Storage media are evolved from hard disk drives (HDDs) to solid state drives (SSDs) to meet real-time data access requirements, with the media latency reduced by more than 100 times. In terms of computing power, the industry has used GPU servers or even dedicated AI chips, improving data processing capability more than 100 folds.
The network communication latency becomes a bottleneck for further performance improvement. The communication latency is increased from 10% to 60% over the entire storage E2E latency. That is, the storage medium waits for idle communication for more than half of the entire storage access time. Computing has a similar bottleneck. For example, for a voice recognition training, the duration of each iteration task is 650 ms to 700 ms, and the communication latency is 400 ms. The expensive processor also waits for the communication synchronization of model parameters for more than half of the communication time.
So, the answer to the question that whether the underlying network infrastructure that provides key support for AI development is already ready is half sure.
Figure: Network communication becomes a short plank for system performance
New Requirements of RDMA Migration and AI Networks
Replacing TCP/IP with RDMA has been a trend when AI computing and SSD distributed storage pursue ultimate performance. The dedicated InfiniBand network and traditional Ethernet network are two network bearer solutions for RDMA.
Therefore, RDMA must be carried over an open Ethernet network with zero packet loss and high throughput.
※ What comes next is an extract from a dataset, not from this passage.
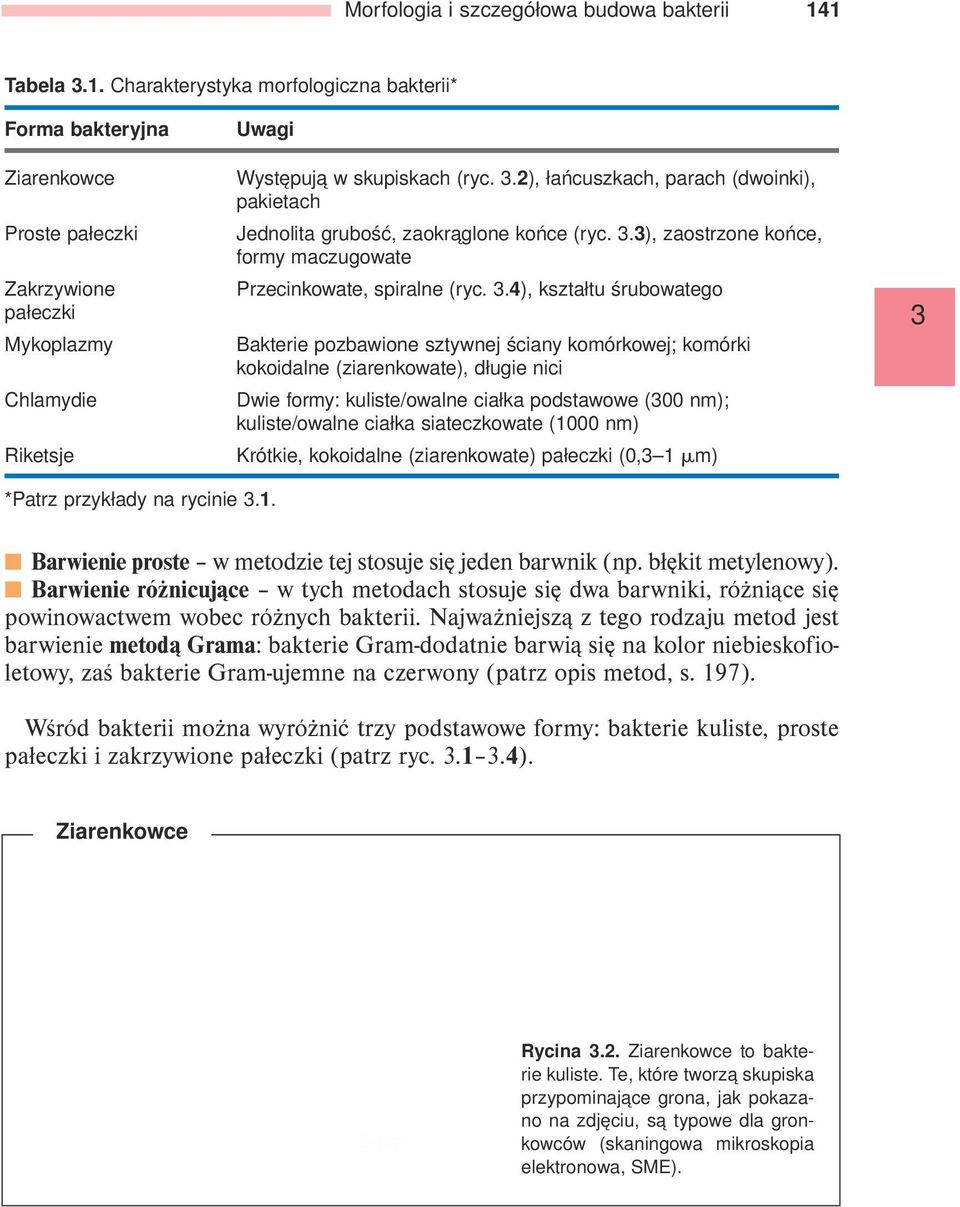 .2), łańcuszkach, parach (dwoinki), pakietach Jednolita grubość, zaokrąglone końce (ryc..), zaostrzone końce, formy maczugowate Przecinkowate, spiralne (ryc.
AI Fabric Practice and Future
AI Fabric Intelligent and Lossless Data Center Network solution won the “Best of Show Award” at Interop Tokyo 2018. AI Fabric has also passed the strict test and verification of EANTC. In all test instances for high-performance computing and distributed storage, AI Fabric achieves high throughput and zero packet loss, shortens the inter-HPC node communication duration by 40% based on network latency optimization, and greatly improves the efficiency of innovative services such as AI training.
Currently, AI Fabric has been applied in the Internet and finance industries. In a retail bank, intelligent congestion scheduling of AI Fabric accelerates network communication. Through a site test, the IOPS performance of the storage cluster is improved by 20% and the performance of a single volume reaches 350,000. AI Fabric accelerates performance of the bank branch cloud and provides users with the same experience as accessing local disks.